[Stored data]
————
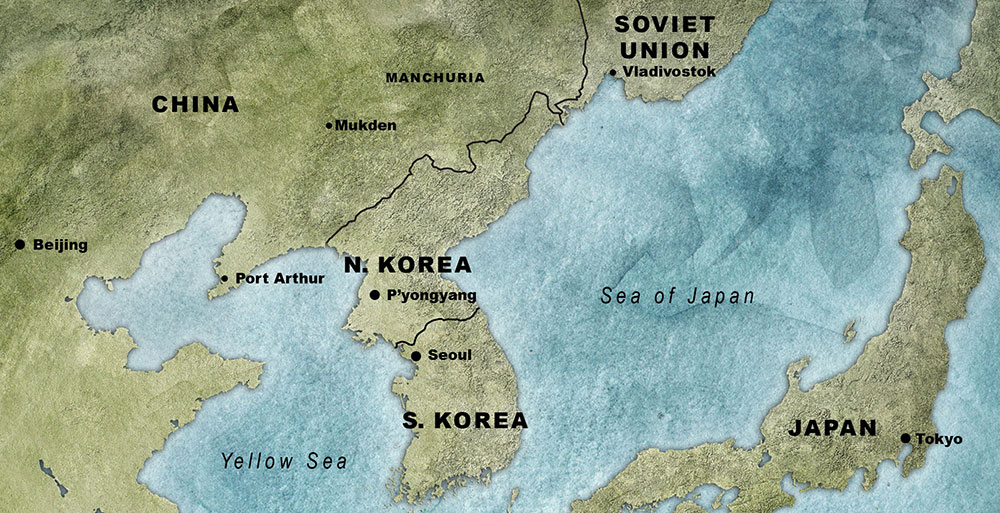 Korea and its neighbors share a legacy of warfare and cultural exchange that, coupled with the arrival of the United States after WWII, shaped the history of modern North and South Korea.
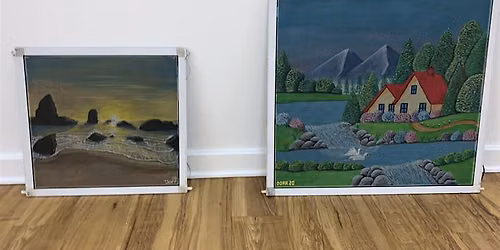 Painted Window Screen Workshop July 25th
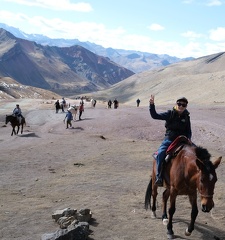 Rainbow Mountain - Postkartenblick - 5020m über 0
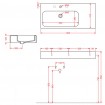 Підвісний умивальник ArtСeram Block, white (BKL0020100)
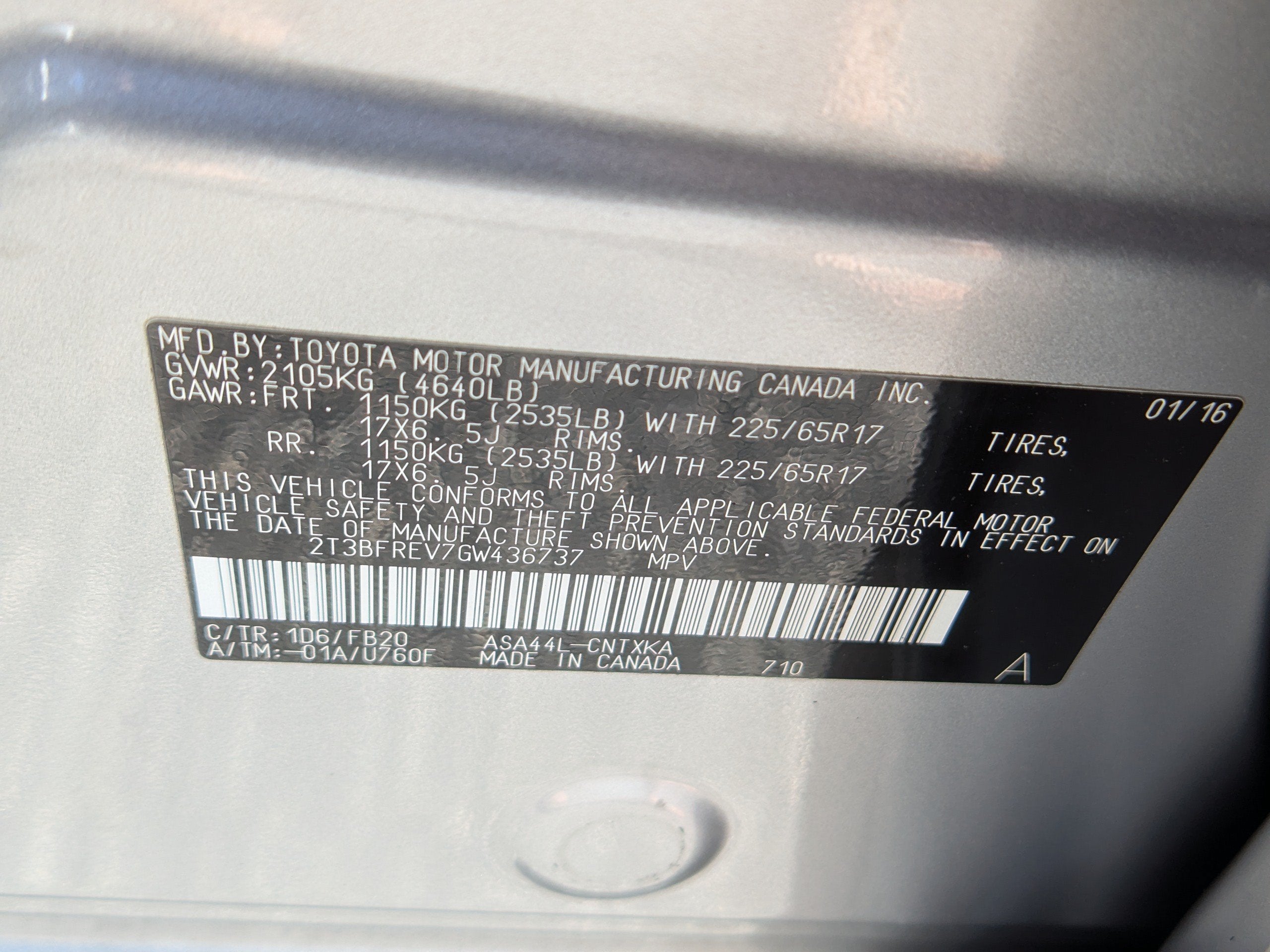 2016 Toyota RAV4 LE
————
* _TASK DETAILS_
For this exercise, return the data above exactly and leave every picture out.

* _ANSWER TO THIS TASK_
 Korea and its neighbors share a legacy of warfare and cultural exchange that, coupled with the arrival of the United States after WWII, shaped the history of modern North and South Korea.
 Painted Window Screen Workshop July 25th
 Rainbow Mountain - Postkartenblick - 5020m über 0
 Підвісний умивальник ArtСeram Block, white (BKL0020100)
 2016 Toyota RAV4 LE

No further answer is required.